This summer, Paris is hosting millions of tourists. While foreigners ascended the Eiffel Tower or descended into the catacombs, many of the French headed west. Instead of the fever dreams of Americana at Disneyland, they went in search of their own history.
Over 250 acres of the Vendée, Puy du Fou sits far from the metropole, in the old heartland of king and church. Its falconers, riders and swordsmen dressed as Gauls and knights send a clear message: This nation is built on faith in Christ and patriotic duty to serve for the glory of France.
For decades, that message was, at best, niche. Created in 1978 by Philippe de Villiers, a longtime opponent of European integration and migration, the park spoke mainly to hardcore loyalists to an older France.
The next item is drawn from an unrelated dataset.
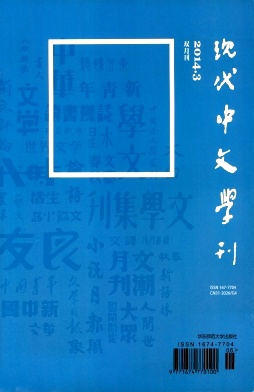 赵树理-无产阶级革命文学中的赵树理与现代“元话语” 赵树理-无产阶级革命文学中的赵树理与现代“元话语”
Fearing for the disappearance of Gallic pride, de Villiers turned his estate into a recruiting sergeant for a nationalism he believed was getting lost in the fairy tales popularized by Disney.
Early visitors included then-President Valéry Giscard d’Estaing in 1980, but more recently President Emmanuel Macron has made the trip. Now, Puy du Fou says it welcomes over 2.8 million people a year, making it France’s second-most visited theme park after Disneyland Paris. Unlike Disney, the language here is definitively French. But now Dutch, German, Italian and even some English can be heard along its paths. Notably sparse among the wandering crowds are France’s 6 million Muslims.
The reason is clear. This is a Christian account of France. In an amphitheater built for chariot races and gladiators, crowds cheer the Gauls and the Roman centurion who chooses Christ over the old gods, not the governor sent from Rome. The conversion of King Clovis in the 5th century is trumpeted as the foundation of the nation. The ring said to have been worn by Joan of Arc, patron saint of France, is venerated as a relic in a chapel. The atheists and regicides of the French Revolution who massacred their opponents in the Vendée are shown as villains resisted by a hero faithful to God and the king. Puy du Fou is not merely historic reenactment. It is a faith-and-flag signpost connecting Europe’s past to today’s divisions and a reflection of how more of France wants to see its future.
The park’s rising attendance correlates with a broader political shift. As Marine Le Pen’s National Rally has moved from pariah to polling within striking distance of the presidency, Puy du Fou’s vision of French identity has moved from margin to mainstream.
The park’s narrative arc from Celtic warriors resisting Roman invasion, through knights defending Christendom, to French soldiers holding Verdun, offers visitors a through-line of resistance against foreign domination. The spectacular evening show, “La Cinéscénie,” performed by thousands of local volunteers, sweeps through French history but notably ends before the establishment in 1958 of the present-day Fifth Republic, let alone the European Union. Puy du Fou tells a story of resistance to occupation, to empire and to loss of national identity with the help of 2,000 animals in 20 shows.
The park’s success has spawned imitators. A Spanish version opened in Toledo in 2021, celebrating the Reconquista and El Cid. Plans for shows in Shanghai and even Tennessee suggest the hunger for national narratives is not uniquely French. Similar chronicles echo across the continent. Poland’s government restructured the Museum of the Second World War to emphasize Polish heroism over broader European suffering. Hungary’s House of Terror focuses almost exclusively on crimes by foreign occupiers. The Brothers of Italy party, now in power, takes its name from the Italian national anthem’s opening line.
The transformation is not merely cultural but increasingly political. Where once European integration seemed inevitable, border controls have returned between E.U. member states. Even Germany, whose then-Chancellor Angela Merkel claimed in 2015 “wir shaffen das” — that the country could cope with the migrant crisis — has ended the open-border policy at every point of entry. The Schengen Agreement, that great symbol of borderless Europe, has been suspended or restricted by multiple countries in recent years.
At Puy du Fou’s Viking-era village, families take selfies with warriors defending against raiders — Norsemen with axes and an appetite for murdering monks — in a display that resonates with contemporary anxieties about integration and identity. The parallels with the murder of Father Jacques Hamel in Normandy in 2016 by two Islamic State supporters are not hidden.
De Villiers has long been explicit about these connections, warning that France is on “the edge of the abyss.” The European Union finds itself increasingly unable to counter these narratives. Its technocratic language of regulations and directives struggles to compete with the emotional power of warriors for Christ. Brussels offers economic integration; Puy du Fou offers belonging.
Families visiting the park are seeking not just entertainment but also affirmation that their story holds the glory and honor that fairy tales can only mimic, that tells them who they are and, perhaps more important, who they are not. In the shadow of Puy du Fou’s medieval ramparts, the question isn’t whether Europe’s nationalist moment will pass, but whether the continent’s postwar consensus can survive it.
The thunder of hooves in the show that brings St. Joan back to defend France might be choreographed, but the political earthquakes they echo are all too real.